African Nickel Seeks $2.5m Funding to Advance Namibia’s Kunene Nickel Project Amid Weak Prices
African Nickel’s most recent public update highlighted ongoing funding constraints, with management indicating that progress across its asset portfolio depends on securing approximately $2.5-million in new capital.
The funding shortfall continues to limit the company’s ability to advance exploration programmes amid a challenging market environment for junior nickel developers.
In Namibia, African Nickel’s primary focus remains the Kunene Nickel Project, where the company is advancing early-stage exploration with the objective of defining a maiden compliant mineral resource.
African Nickel holds a 75% interest in the key exploration licences hosting the Ombuku North target, where previous work has identified an estimated 91.6-million tonnes of nickel-bearing material at surface.
Significant additional exploration potential has been mapped across the project area but remains undrilled.
The company’s stated strategy has been to integrate drilling results, geological modelling, and metallurgical testwork to convert existing exploration targets into a defined mineral resource.
A maiden resource declaration is planned once sufficient funding is secured to support further drilling and technical studies.
The Kunene project is located within the Kunene Igneous Complex along Namibia’s northern border, a large mafic–ultramafic geological system that includes multiple feeder structures considered prospective for nickel sulphide mineralisation.
African Nickel has leveraged an extensive historical dataset generated prior to 2014, including geophysical surveys, gossan mapping, stream and soil sampling, and earlier drilling, to prioritise targets for follow-up work.
Building on this foundation, the company resumed drilling activities in 2023, completing 24 drill holes totalling 7,338 metres, and launched a focused exploration programme in June of that year.
At the time, management indicated a target of declaring a potentially significant maiden compliant resource in the second half of 2024, subject to technical outcomes and funding availability.
More broadly, Namibia’s nickel sector remains at an early stage of development.

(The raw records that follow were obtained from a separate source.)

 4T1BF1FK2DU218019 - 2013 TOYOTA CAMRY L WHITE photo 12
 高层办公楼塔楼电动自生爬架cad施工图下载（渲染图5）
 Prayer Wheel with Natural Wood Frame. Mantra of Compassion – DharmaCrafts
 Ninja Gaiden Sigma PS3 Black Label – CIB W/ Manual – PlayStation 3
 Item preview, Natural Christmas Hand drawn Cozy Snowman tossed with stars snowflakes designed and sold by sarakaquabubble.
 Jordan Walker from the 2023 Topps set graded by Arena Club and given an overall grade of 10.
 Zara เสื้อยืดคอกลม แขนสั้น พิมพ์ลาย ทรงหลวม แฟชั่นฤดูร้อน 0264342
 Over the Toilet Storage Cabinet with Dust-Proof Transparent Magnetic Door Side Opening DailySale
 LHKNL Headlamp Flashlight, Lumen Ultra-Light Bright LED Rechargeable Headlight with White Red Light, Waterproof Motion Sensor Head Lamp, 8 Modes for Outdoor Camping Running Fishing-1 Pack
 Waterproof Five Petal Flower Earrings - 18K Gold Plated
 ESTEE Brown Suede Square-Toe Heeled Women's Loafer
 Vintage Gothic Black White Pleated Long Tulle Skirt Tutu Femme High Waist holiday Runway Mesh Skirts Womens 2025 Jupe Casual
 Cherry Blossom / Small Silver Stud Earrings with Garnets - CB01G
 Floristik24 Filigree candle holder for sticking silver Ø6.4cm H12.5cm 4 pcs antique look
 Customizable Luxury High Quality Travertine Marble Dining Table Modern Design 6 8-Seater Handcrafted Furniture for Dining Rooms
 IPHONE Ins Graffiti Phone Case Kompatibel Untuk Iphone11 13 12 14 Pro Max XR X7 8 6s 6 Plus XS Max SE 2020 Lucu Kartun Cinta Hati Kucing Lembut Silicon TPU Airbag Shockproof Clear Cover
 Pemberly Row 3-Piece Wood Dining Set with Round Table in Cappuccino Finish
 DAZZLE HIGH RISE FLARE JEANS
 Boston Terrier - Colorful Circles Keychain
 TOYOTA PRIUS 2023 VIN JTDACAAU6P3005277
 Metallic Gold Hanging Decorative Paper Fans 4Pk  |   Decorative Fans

Nickel prospects in the country, including Kunene, Kum-Kum, and Grootfontein, are still in exploration and resource-definition phases.
Unlike established nickel-producing jurisdictions such as South Africa, Madagascar, or Zimbabwe, Namibia does not currently maintain a widely published national inventory of nickel resources or reserves and is not recognised as a major nickel-producing country.
Across its broader portfolio, African Nickel reports a consolidated attributable compliant resource base of approximately 38-million tonnes at an average grade of 0.45% nickel equivalent.
In addition, the company reports a preliminary open-pit resource of about 36-million tonnes grading roughly 0.29% nickel equivalent.
These figures span African Nickel’s interests in South Africa, Botswana, and Namibia and reflect project-level progress rather than national resource totals.
Within this portfolio, assets such as Bon Accord and Jacomyns Pan are more advanced, while the Kunene project remains at an earlier exploration stage and does not yet host a formally certified mineral resource, pending further drilling and capital investment.
Namibia’s limited position in the global nickel market is also reflected in trade data, with nickel export values estimated at just over $15,000 in 2024, underscoring that nickel is not yet a meaningful mined or exported commodity for the country.
African Nickel’s funding challenge is unfolding against a subdued nickel price environment. Nickel has been trading in the range of approximately $14,700 to $15,000 per metric tonne on major global exchanges, including the London Metal Exchange, with prices largely range-bound throughout 2025. While short-term volatility has occurred, prices have shown limited sustained upward momentum.
At current levels, nickel prices sit close to long-term averages, well below historical peaks seen during periods of market disruption.
Analysts continue to point to structural oversupply and slower demand growth in certain sectors, particularly electric vehicle batteries, although stainless steel production remains a key source of baseline demand.
Price forecasts for 2025 suggest average nickel prices of between $15,400 and $16,000 per tonne, indicating limited near-term upside unless there is a material shift in supply-demand fundamentals.
For investors, nickel’s current pricing presents a mixed outlook. While the metal remains strategically important for both stainless steel and the energy transition, prevailing prices place pressure on project economics, particularly for junior developers with early-stage assets.
In this environment, advancing projects such as Kunene will require not only continued geological progress but also disciplined capital management and competitive cost structures.
Since its funding update, African Nickel has made no material operational or market-moving announcements, reinforcing the view that the company remains in a holding pattern while seeking capital.
Until the minimum $2.5-million funding requirement is met, African Nickel’s projects in Namibia and elsewhere are likely to remain largely dormant, leaving the company exposed to market conditions rather than operational momentum.